=== SUPPLIED DATA ===
——————————

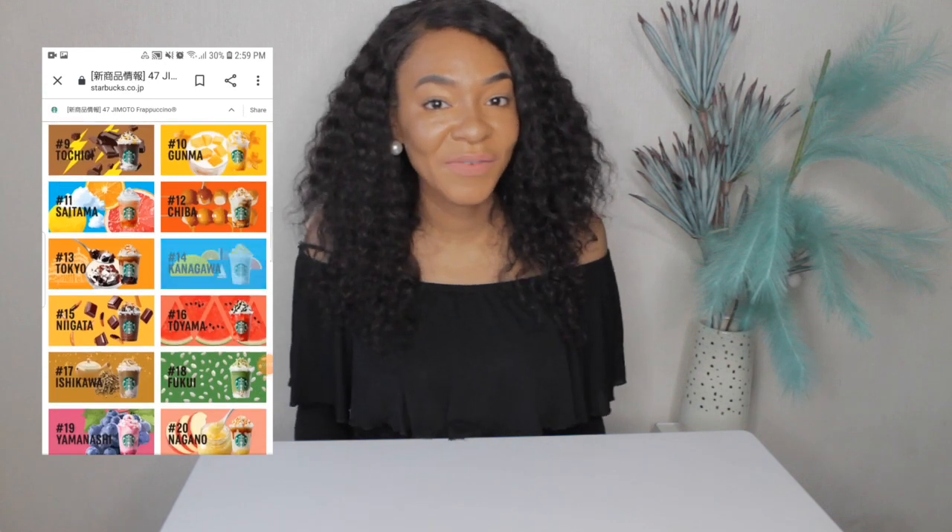Isn't that amazing? They call it 47 Jimoto, and Jimoto means local — so local frappuccinos. This is just amazing!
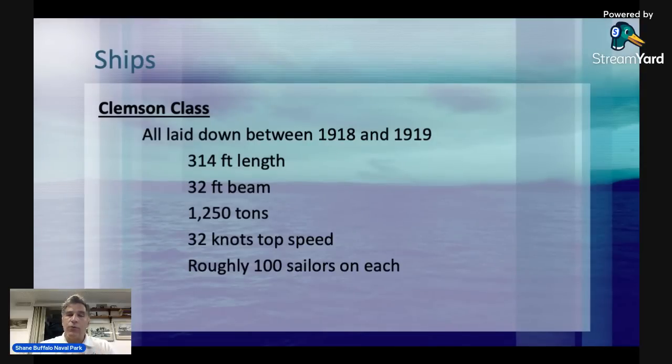During World War I there would have been maybe 115 to 125 sailors aboard. But we've seen time and again that after war comes peace and resolution, and military budgets shrink. This was part of that. So at the time of the Honda Point disaster, each Clemson would have had about 100 men on board, not the 115 to 125 they would have seen during wartime — shrinking the budget by having less personnel on board each ship.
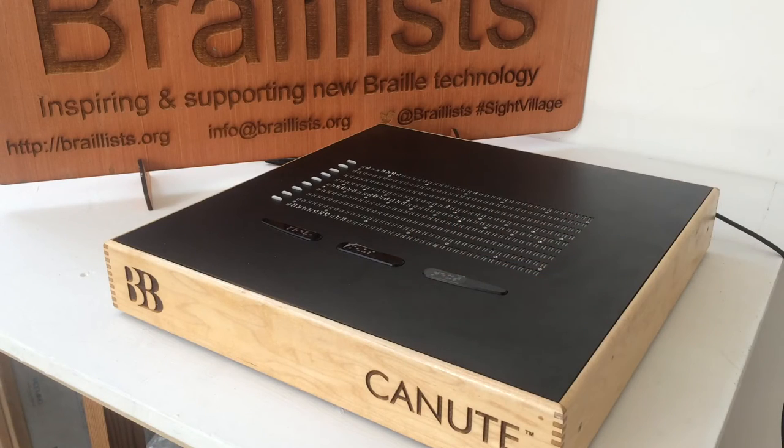Thousands of Braille e-books can be stored in the Canute's onboard memory and can be accessed through an intuitive Braille user interface. Canute has been tested by Braille readers, schools and libraries in the UK and around the world, and can display mathematical formulae and Braille music notation as well as e-books.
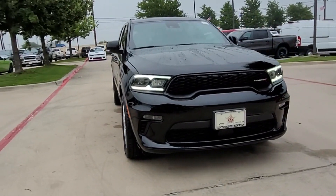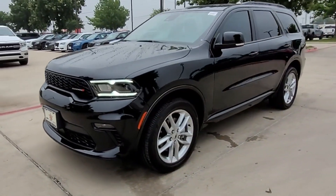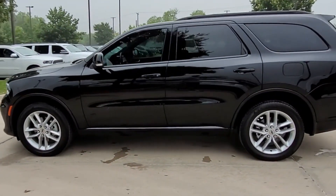2022 Dodge Durango with less than 8,000 miles on the odometer. This SUV offers space as well as power and performance.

——————————

=== YOUR TASK ===
Reproduce the material in full, word for word, and omit the pictures.

=== SOLVED EXERCISE ===
Isn't that amazing? They call it 47 Jimoto, and Jimoto means local — so local frappuccinos. This is just amazing!
During World War I there would have been maybe 115 to 125 sailors aboard. But we've seen time and again that after war comes peace and resolution, and military budgets shrink. This was part of that. So at the time of the Honda Point disaster, each Clemson would have had about 100 men on board, not the 115 to 125 they would have seen during wartime — shrinking the budget by having less personnel on board each ship.
Thousands of Braille e-books can be stored in the Canute's onboard memory and can be accessed through an intuitive Braille user interface. Canute has been tested by Braille readers, schools and libraries in the UK and around the world, and can display mathematical formulae and Braille music notation as well as e-books.
2022 Dodge Durango with less than 8,000 miles on the odometer. This SUV offers space as well as power and performance.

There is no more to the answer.